#### Stored data ####

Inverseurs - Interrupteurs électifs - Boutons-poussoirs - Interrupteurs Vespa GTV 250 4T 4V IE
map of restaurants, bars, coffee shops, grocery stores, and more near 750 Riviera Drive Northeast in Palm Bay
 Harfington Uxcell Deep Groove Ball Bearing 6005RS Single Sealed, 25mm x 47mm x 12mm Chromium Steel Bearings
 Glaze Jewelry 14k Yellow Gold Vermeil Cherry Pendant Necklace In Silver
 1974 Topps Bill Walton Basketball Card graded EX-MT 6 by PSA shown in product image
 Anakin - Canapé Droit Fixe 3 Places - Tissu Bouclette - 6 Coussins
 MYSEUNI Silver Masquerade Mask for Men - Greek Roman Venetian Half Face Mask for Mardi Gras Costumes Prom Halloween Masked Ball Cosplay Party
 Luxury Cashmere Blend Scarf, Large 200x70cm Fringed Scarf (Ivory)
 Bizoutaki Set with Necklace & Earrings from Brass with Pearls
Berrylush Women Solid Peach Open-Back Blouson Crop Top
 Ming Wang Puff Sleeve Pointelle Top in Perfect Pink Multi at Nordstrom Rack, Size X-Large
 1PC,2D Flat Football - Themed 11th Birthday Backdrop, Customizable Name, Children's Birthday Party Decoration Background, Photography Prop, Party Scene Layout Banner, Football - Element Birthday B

####

Go through the data and gather every line that holds "Necklace".

Task result =>
 Glaze Jewelry 14k Yellow Gold Vermeil Cherry Pendant Necklace In Silver
 Bizoutaki Set with Necklace & Earrings from Brass with Pearls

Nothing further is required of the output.